* Exercise data *
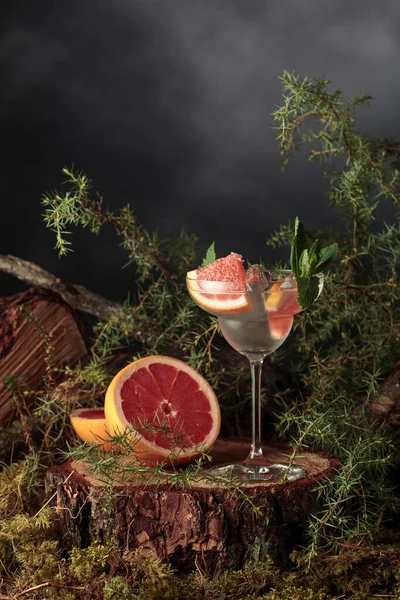 Gin Och Tonisk Cocktail Med Grapefrukt Och Mynta Kall Iskall — Stockfoto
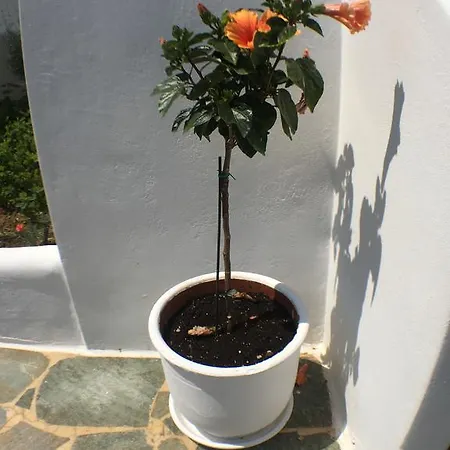 Aiolos * Naoussa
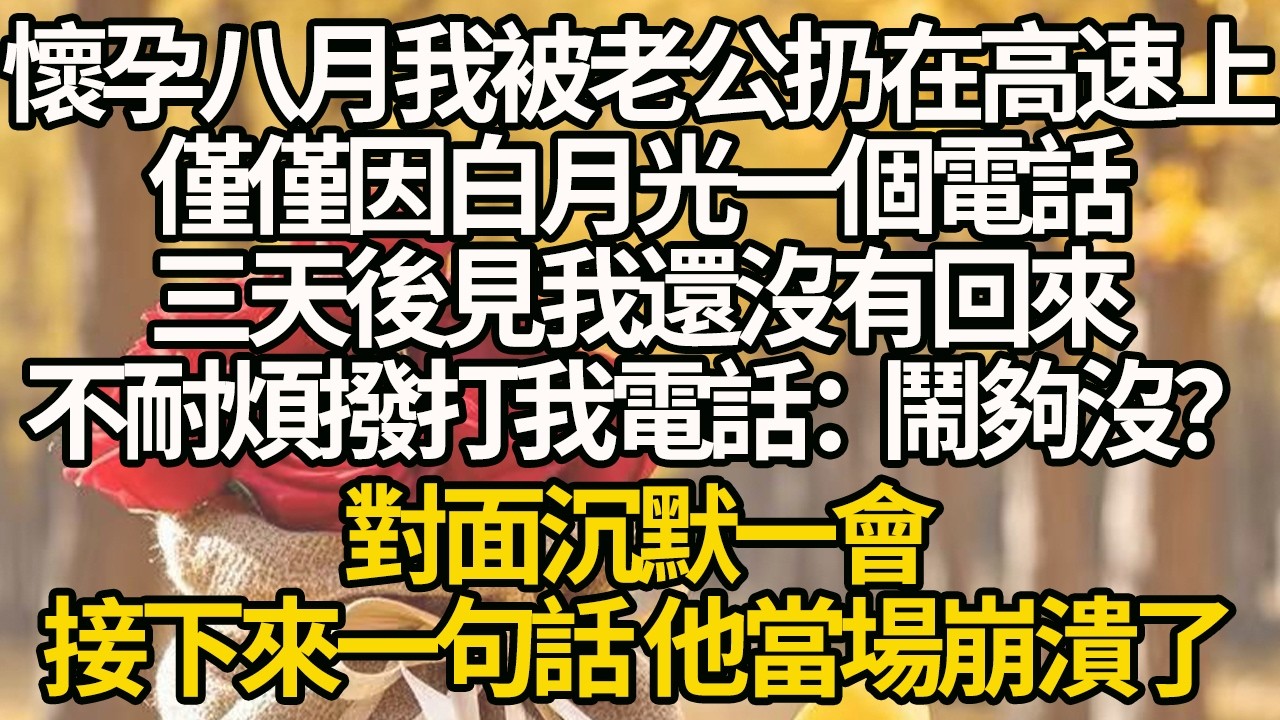 懷孕八月我被老公扔在高速上，僅僅因白月光一個電話，三天後見我還沒有回來，不耐煩撥打我電話：鬧夠沒？對面沉默一會，接下來一句話 他當場崩潰了#有聲書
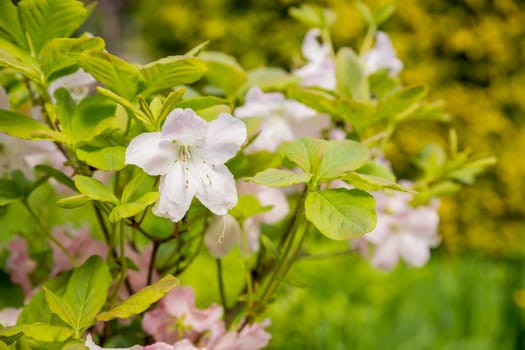 Bush of many delicate vivid pink flowers of azalea or Rhododendron plant in a sunny spring garden.Japanese pink Azalea flowers .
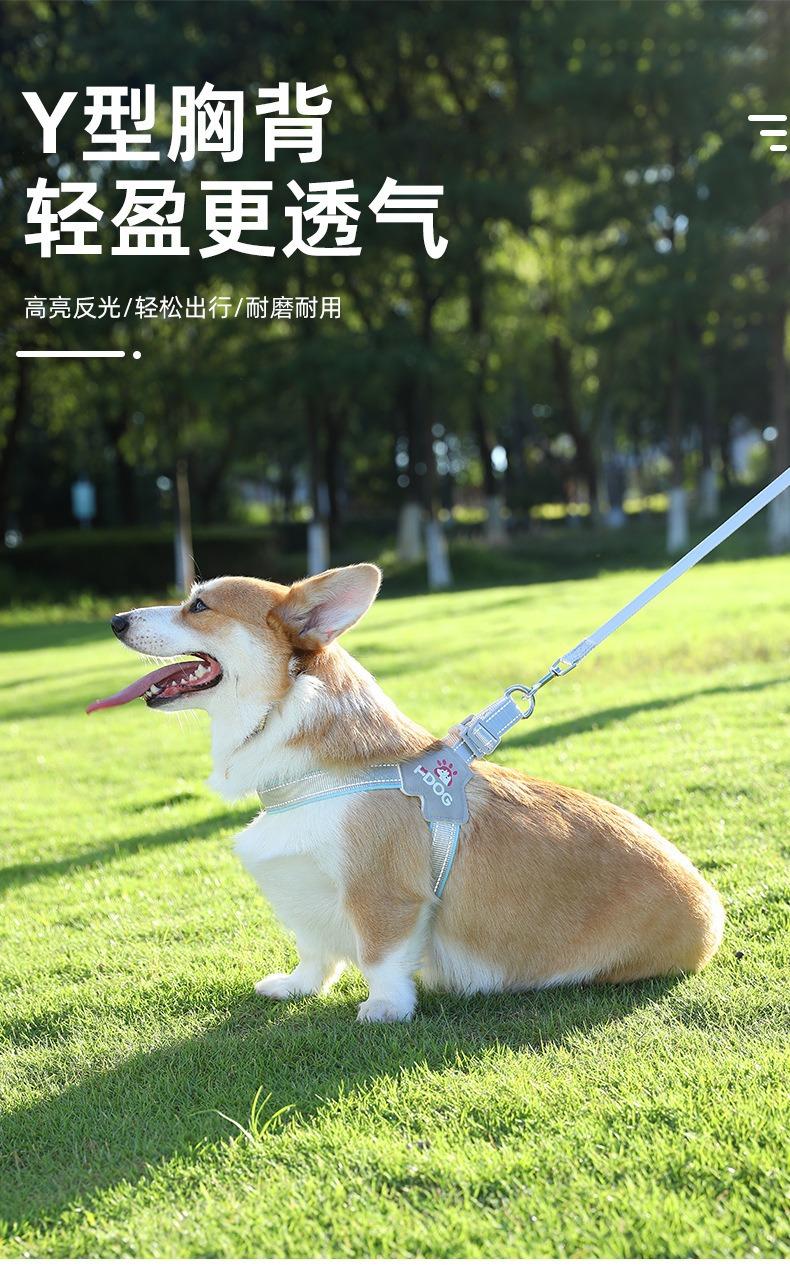 描述图_1.jpg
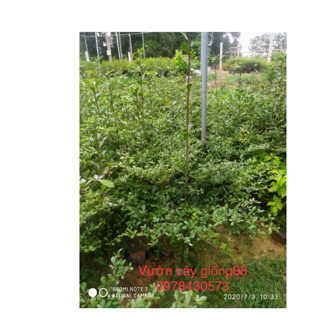 Cây bàng giống đài loan cao 40-50cm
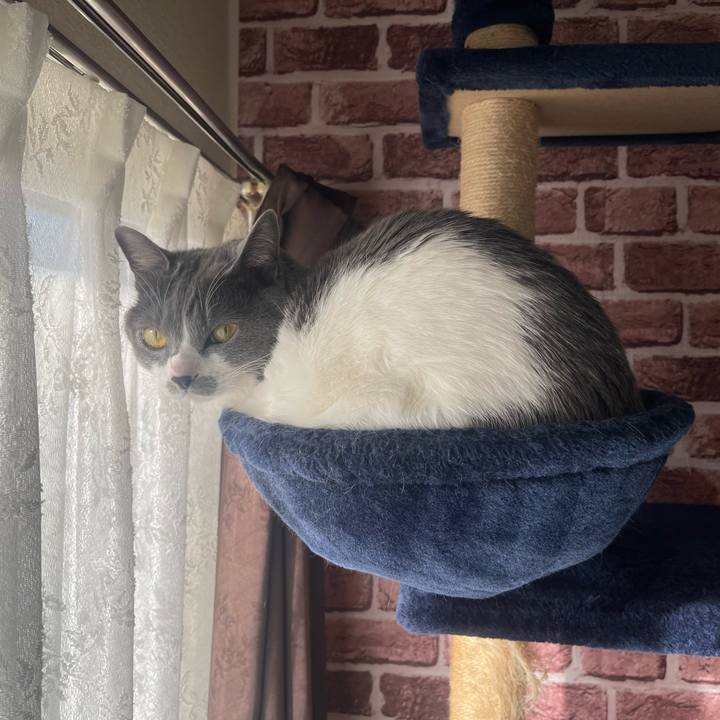 046532aa 1d23 4909 b952 2c79d54d44e7 1676331044695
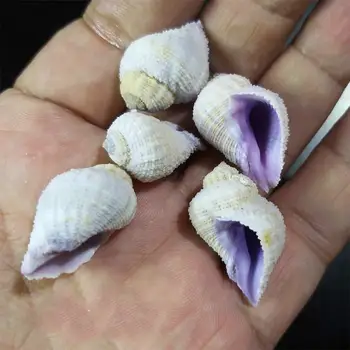 1pc koralų spiro violetinė retas egzempliorius Gamtos Sea Shell Namų Vestuvių biuro Apdailos 13577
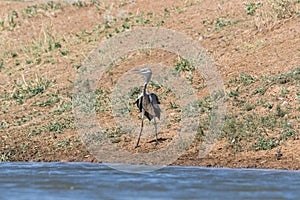 Grey heron Ardea cinerea. The bird drinks water in the canal of the river, quenches thirst during a drought.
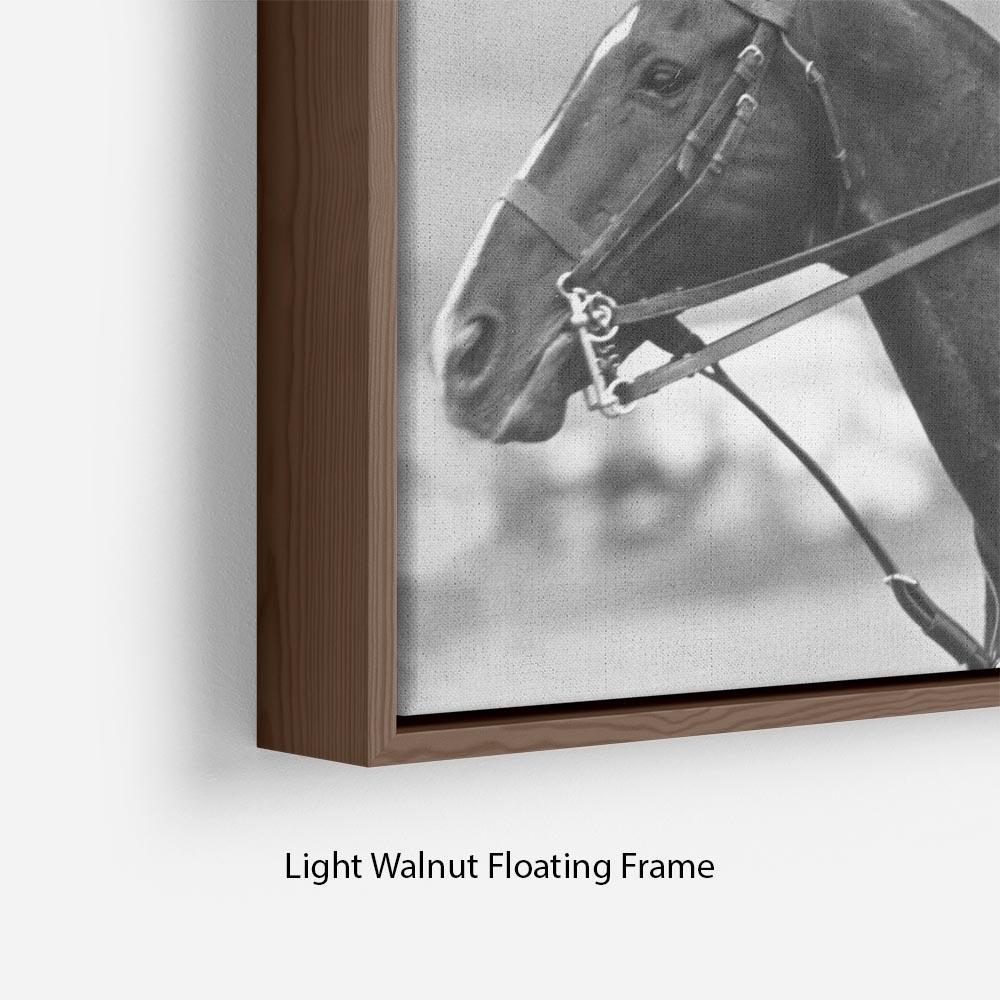 Prince Philip shown winning the polo Gold Cup Floating Frame Canvas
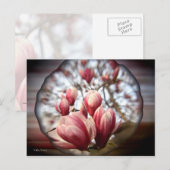 Magnolia Wood Briefkaart (Voorkant / Achterkant)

* Problem to solve *
Hand back every line of the material, exactly, without the pictures.

* Task response *
 Gin Och Tonisk Cocktail Med Grapefrukt Och Mynta Kall Iskall — Stockfoto
 Aiolos * Naoussa
 懷孕八月我被老公扔在高速上，僅僅因白月光一個電話，三天後見我還沒有回來，不耐煩撥打我電話：鬧夠沒？對面沉默一會，接下來一句話 他當場崩潰了#有聲書
 Bush of many delicate vivid pink flowers of azalea or Rhododendron plant in a sunny spring garden.Japanese pink Azalea flowers .
 描述图_1.jpg
 Cây bàng giống đài loan cao 40-50cm
 046532aa 1d23 4909 b952 2c79d54d44e7 1676331044695
 1pc koralų spiro violetinė retas egzempliorius Gamtos Sea Shell Namų Vestuvių biuro Apdailos 13577
 Grey heron Ardea cinerea. The bird drinks water in the canal of the river, quenches thirst during a drought.
 Prince Philip shown winning the polo Gold Cup Floating Frame Canvas
 Magnolia Wood Briefkaart (Voorkant / Achterkant)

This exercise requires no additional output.